Be realistic about year one. A new site usually takes three to six months to settle in — search engines need time to rank you, and your audience needs time to find you. The mistake is judging the site after a fortnight and tearing it up, when the actual problem is patience.
Once you have one website performing and measured, you've earned the right to invest further — better content, more service pages, ongoing website maintenance, paid traffic, the lot. If you're also considering how AI could streamline your operations, our guide to AI for small businesses uses the same thinking-first framework. Skip the measurement step and you'll spend the next five years guessing why nothing's working.
Answer the Three Questions Before You Brief Anyone
The difference between a small business website that wins customers and one that sits silent isn't the design budget or the platform — it's whether the business did the thinking before the building. Answer the three questions before you brief anyone: why a customer should pick you, who you're really talking to, and how you actually deliver. Do that and the web design for small business decisions that follow get dramatically easier — and your launch becomes the start of new enquiries instead of the end of a project. See examples of this approach in action on our recent work page.
Source: Loxvik survey of 300 small businesses in the UK, 2026.
Frequently Asked Questions
How much should a small business spend on a website in the UK?
It depends on what you need the site to do. A DIY template build costs you nothing but time. A freelancer-built site typically runs £1,500–£4,000. Agency pricing varies more than people realise — at Loxvik, web design and development for small businesses starts from £799 with pay monthly options, while more involved strategic projects can run into five figures. The right number is whichever option matches what the website is meant to deliver — a digital business card and a sales channel are not the same project.
How long does it take to design and launch a small business website?
A straightforward template-based site can launch in a couple of weekends if you write the copy yourself. A freelancer-built site usually takes four to six weeks. An agency project that includes strategy, copywriting, design, and build typically runs eight to twelve weeks. The biggest delays almost always come from the client side — usually because the questions in Steps 2–4 hadn't been answered before the project started.
Do I need a copywriter as well as a web designer?
For most small business websites, yes — or at minimum, someone (you, your designer, or an agency) who takes the writing seriously. Design without good copy is decoration. The words are what actually convince a visitor to enquire, and most 'design problems' on small business sites are really copy problems wearing a costume.
When should I rebuild my website vs just refresh it?

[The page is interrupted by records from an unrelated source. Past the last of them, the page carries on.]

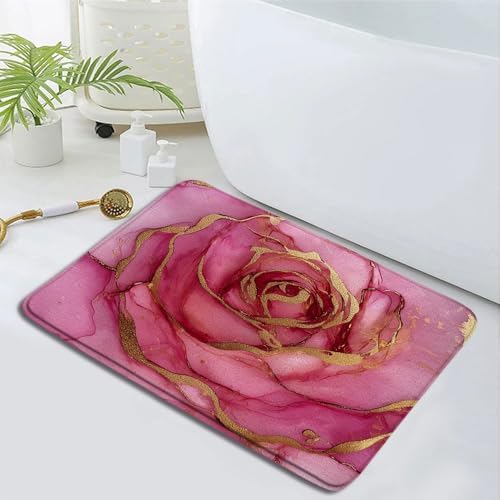 Pink Marble Bath Rug with Non-Slip Backing 1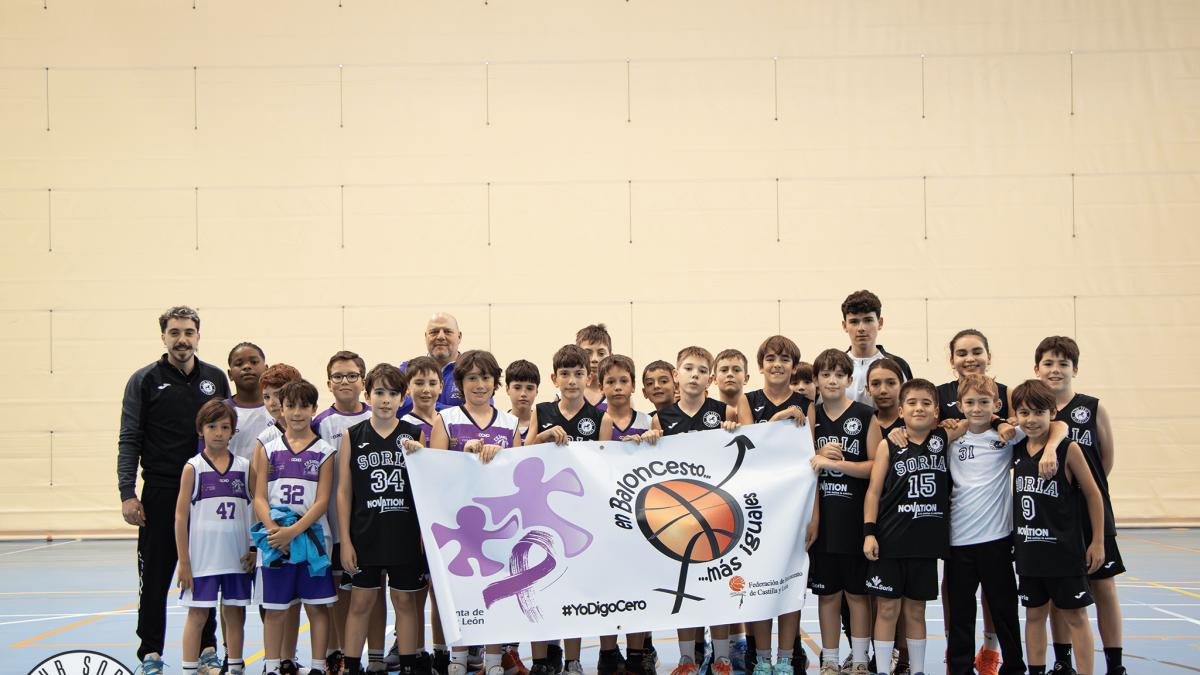 Algunos de los equipos de la cantera del Club Soria Baloncesto.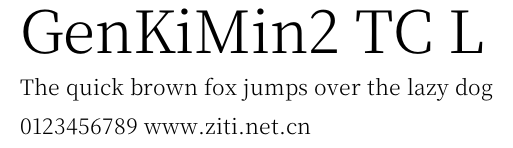 GenKiMin2 TC L.otf字體轉換器圖片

Refresh when the structure is broadly working but the site looks dated, the copy is stale, or specific pages aren't performing. Rebuild when the underlying positioning has changed, when you've outgrown the platform, or when you've genuinely worked through Steps 1–4 of this guide and realised the current site is answering the wrong questions. If you're in the 43% getting no enquiries, a refresh probably won't move the needle — a rebuild grounded in the right thinking will.